Many complain about the Canadian Broadcasting Corporation (CBC), which I prefer to describe as “State Media.” Given that the CBC is primarily funded by the Canadian government it can’t be more accurately described otherwise.

Now, even The Globe and Mail has joined the fray to cast a critical eye. John Doyle writes as a television critic in the linked article.

Doyle subjected himself to the personal agony of watching intently an entire edition of the flagship news hour program The National.

He emerged with an understanding of why viewers are fleeing; the program lacks coherence and bears little resemblance to what they’ve come to expect in a news broadcast.

This development comes far in the wake of Peter Mansbridge’s retirement as sole news anchor for what seemed like a career spanning four or five generations of Canadians.

His replacement by a team of four hosts for The National is an ostentatious and no doubt costly alternative to the usual news broadcast program.

That’s not the only evident change however, as John Doyle has just affirmed in his article. It’s the programming structure or format that is leading to increased complaints.

Doyle glosses over the list of program core topics, implying one can’t really quibble about what many regard as obsessive coverage of for example, “Indigenous” stories.

I try not to gloss over important concepts. The “roll call of topics” as discovered by Doyle includes eight: “Top Stories,” “Local,” “The National,” “Opinion,” “World,” “Canada,” “Politics” and “Indigenous.”

Except for that last topic these topics seem to follow the typical categories covered by news organizations appealing to a broad national audience.

Why does that last category rankle, as I think it does with many? One significant type of complaint addressed by Doyle concerned so-called Indigenous-related stories and mini-documentaries.

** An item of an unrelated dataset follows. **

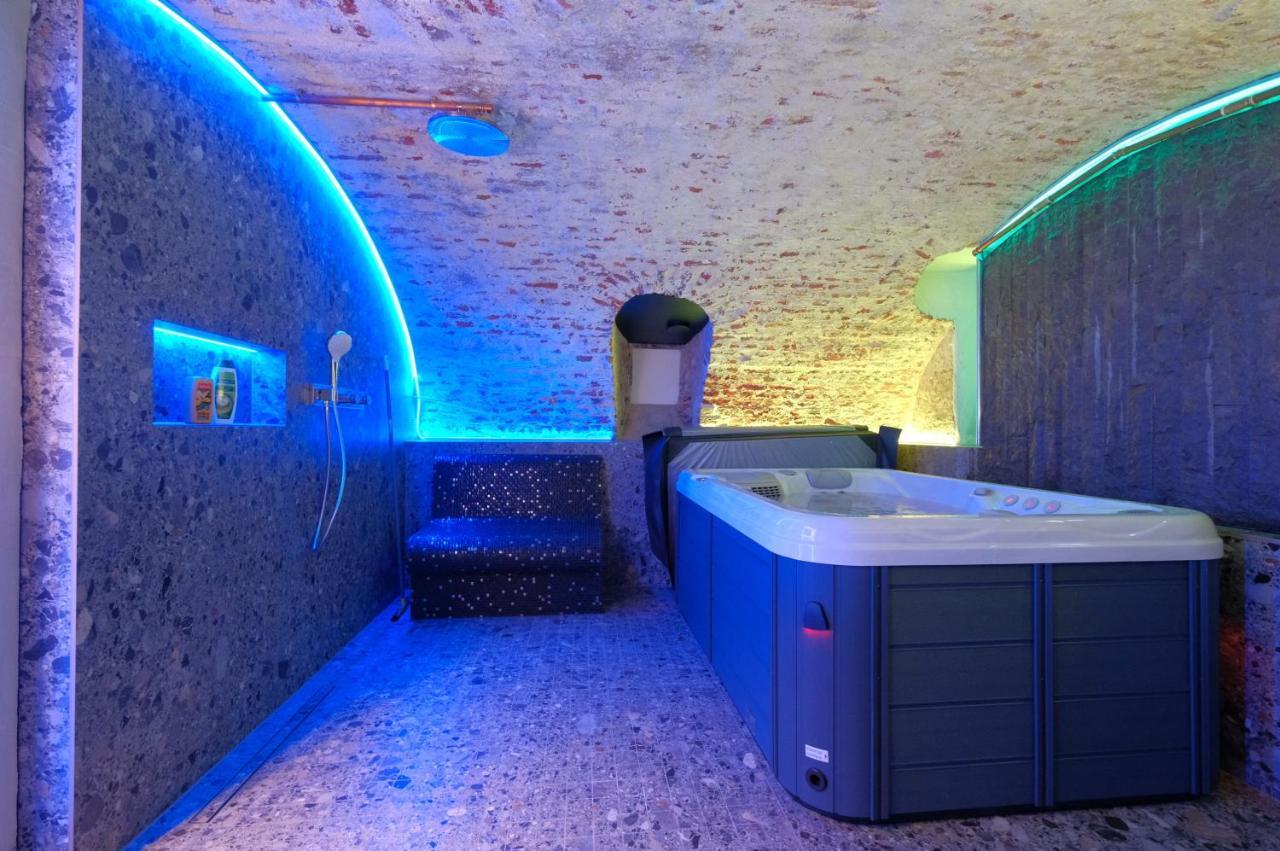 Secret Jacuzzi Mons - Parking Prive Gratuit Bed & Breakfast Luaran gambar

Doyle points out that these complaints about “Indigenous” stories are not submitted in a “rancorous, dismissive manner.” Rather, it seems viewers find this coverage “relentless” leading most to, as Doyle suggests, “roll their eyes.”

I offer that “Indigenous” is not a valid topic category and the CBC ought to be challenged on this point. Doyle excuses the “relentless” coverage of “Indigenous” stories as “simply part of the list of core topics for CBC News.”

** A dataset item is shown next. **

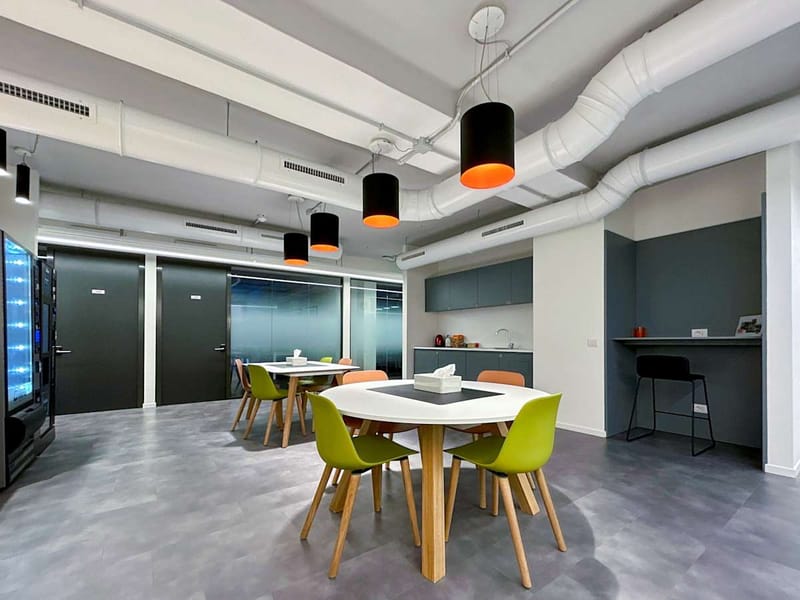 Regus - Via Crescenzo del monte n 29 image 5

That’s giving State Media a pass. I’ll defer to another time a discussion of why “Indigenous” is an invalid concept in this context and just observe that it need not warrant its own category in a news program.

So far at least, “indigenous” remains an adjective. It refers to things (nouns) which are native to a particular geographic area.

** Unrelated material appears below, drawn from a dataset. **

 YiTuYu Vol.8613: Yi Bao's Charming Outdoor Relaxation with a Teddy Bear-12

The haste to convert “indigenous” to a noun by the CBC is misguided. A quick review of the seven other topic categories would lead any thinking person to the conclusion that legitimate stories involving “Indigenous” could easily be included under almost any of the other categories used by the CBC. It might eliminate also the apparent compulsion to include such stories in virtually all broadcasts.

So what could be the motivation to establish this unique usage of “indigenous” in news broadcasts? Someone obviously has an agenda.

The CBC cannot pretend to operate independently in its judgment of newsworthy stories. There exists a compulsion, whether overt or in some unearned guilt-ridden psychology of CBC News executives.

The government of Canada appears obsessed with trying to remedy the wrongs of history by imposing obligations on present generations. There is no positive outcome possible by taxing or regulating present actions of Canadians to compensate the descendants of those who have been wronged in the past.

I don’t think it necessary to explain the aforementioned obsession. There is abundant evidence, not the least of which is the so-called Truth and Reconciliation Commission and subsequent initiatives to try to make amends.

The government of Canada finances the CBC. The CBC is regarded by its own executives as a “public service.”

When the government of Canada gives money to the CBC it must do so with conditions, express or implied. It’s ludicrous to suggest that wealth looted from productive Canadians and turned over to the CBC has no strings attached. If it did so it would properly be considered irresponsible.

The CBC is a government-created institution. It is financed by the State. As a media enterprise it is therefore the mouthpiece of the State.

The CBC cannot be trusted as an intermediary acting on behalf of the members of Canadian society, speaking truth to political power. It is the de facto State Media Institute and ought to be regarded suspiciously as such.